Director Luca Lucchesi discusses his documentary feature debut which premieres at DOK Liepzig.

A Black Jesus c Luca Lucchesi Road Movies

Source: Luca Lucchesi/Road Movies

‘A Black Jesus’

Palermo-born Luca Lucchesi accompanied writer director Hella Wenders as a creative producer and DoP on the production of two of Wenders’ documentaries Berg Fidel and School, School – The Time After Berg Fidel between 2007 and 2017. He has also worked as 1stAD, editor and DoP Wim Wenders on several projects since 2009. 

Luca Lucchesi, dir - A Black Jesus,  © Shauna Summers

Source: Shauna Summers

Luca Lucchesi

An alumnus of Berlin’s Nipkow Programm residency, Lucchesi has now made his feature documentary directorial debut with A Black Jesusproduced by Wenders’ company Road Movies, which had its world premiere at DOK Leipzig in the festival’s new audience competition. The film focuses on the statue of a black Jesus in the small Sicilian town of Siculiana, and the efforts of Ghanese refugees to be given permission to carry the statue during the annual procession. It will be released theatrically in Germany by Filmwelt next year, and is being handled internationally by Filmdelights.

How did you come to choose this particular subject?

I had initially planned to make a small private video for my family in honour of my father [Tanino], who came from Siculiana and had taken part in the crucifix procession shortly before his death in 2017. One hot afternoon, I went into the church at the top of the town and saw a group of African migrants kneeling behind the altar and praying to the black Jesus. This was quite a surreal thing to see, as there were demonstrations also going on at the same time in the town against the refugee centre.

 Was it difficult to gain the trust of the locals and the refugees when you started researching the film?

It was more or less automatic with the local people because they knew me as the son of Tanino, Still, I wanted a real trust because I didn’t want them to think I was making a portrait of the town to attract tourists. The most challenging part in almost one year of research was trying to build a bridge between the town’s inhabitants and the guests of the refugee centre, and also to obtain permission to actually film in the centre. It was a time when the local politicians didn’t want me to film there and, if I did, then only with the police accompanying me. But I made it clear to both sides that I’m not a kind of investigative journalist, but rather a quiet observer of what was happening there. It took several months, but eventually I got this trust and then had complete access.

Did your presence with your camera serve as a catalyst for events?

I don’t believe in the concept of the fly on the wall when making a documentary.
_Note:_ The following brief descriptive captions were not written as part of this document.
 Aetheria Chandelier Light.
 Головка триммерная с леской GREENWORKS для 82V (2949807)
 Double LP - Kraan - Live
For me, when the camera is in a certain place, it is like the elephant in the room. I never asked anybody to do anything or staged any scenes, but I think my presence started a process and made it possible for [refugees] Edward, Samuel and Peter to see if they could fulfil their wish to take part in the procession. 
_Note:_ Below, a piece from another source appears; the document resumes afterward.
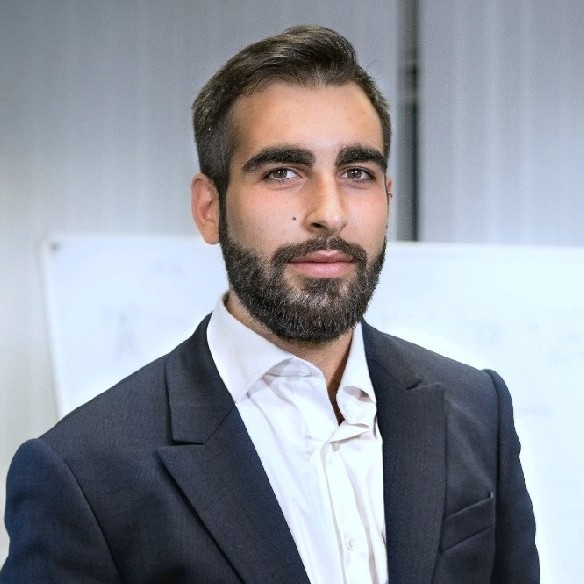 Raffaele ritratto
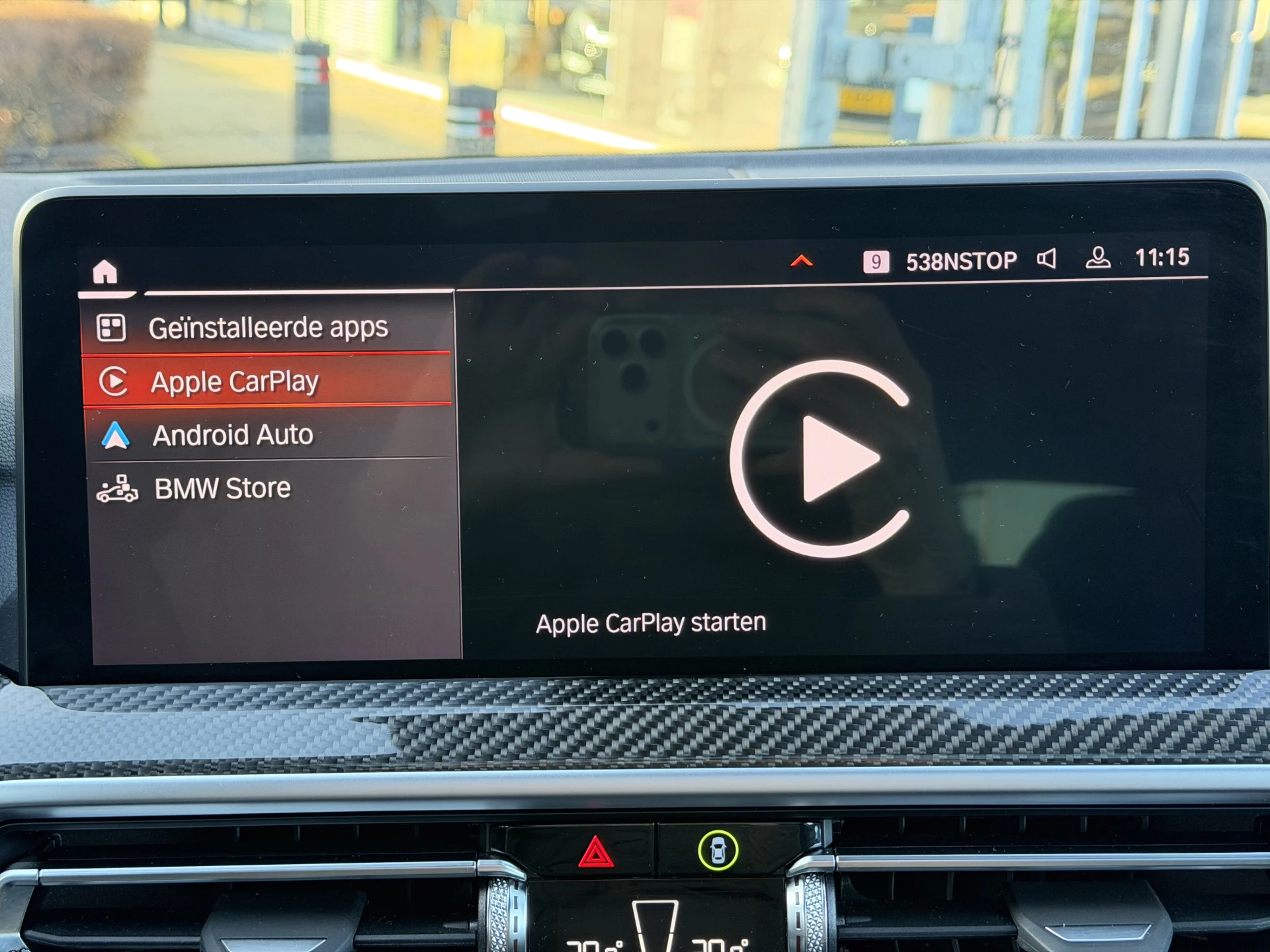 Hoofdafbeelding BMW X4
You have worked on a regular basis with Wim Wenders since 2009, and his company Road Movies has produced A Black Jesus. How involved was he in the making of this film?
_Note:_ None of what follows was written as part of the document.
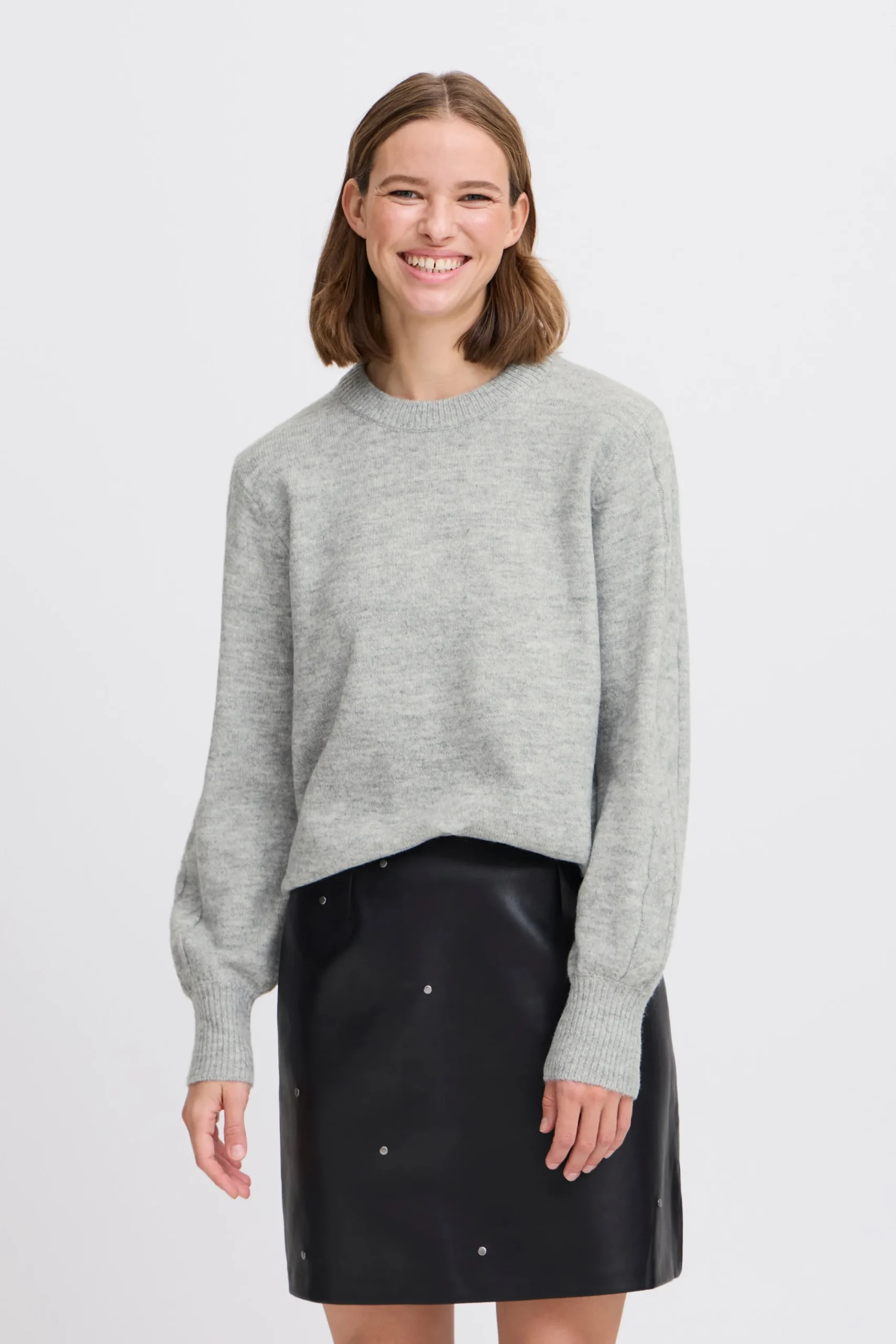 BYOMUNA Pullover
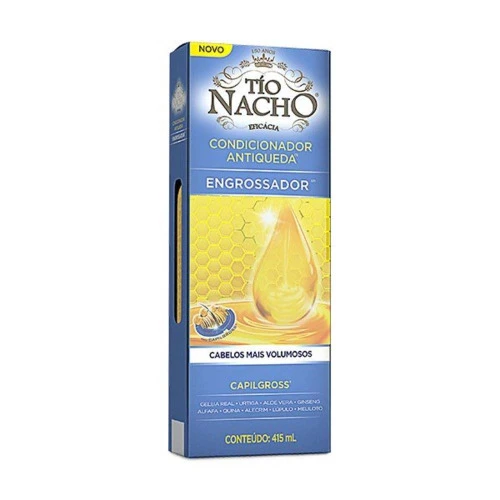 COND TIO NACHO 415ML ENGROSSADOR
Wim is a very busy guy, but he always had time to watch the material – often 10 hours over two days — whenever I was back in Berlin. At the beginning, I was afraid to be my own cinematographer on the film, but he said that I should keep to this because this would be the only way for me to stay close to the characters and the story. He also suggested that I take away references to daily news reports about the political situation, and I am really grateful for that input because the film is now more like a fairytale and not tied to a specific location or time. 

Have the film’s protagonists been able to see the film?

I was in Siculiana after the Venice Film Festival, and showed the film to a group of about 10 people from the town. The first reaction was very emotional because, due to lockdown, this was the first year in history that the procession could not happen. Thanks to the film, they were able to empathise with [the refugees] for the first time and have access to the daily life in the refugee centre which they never were able to get first hand. The migrants had been moved from Siculiana, but I have been able to keep in contact with Edward through WhatsApp and I sent him some parts of the film including the trailer.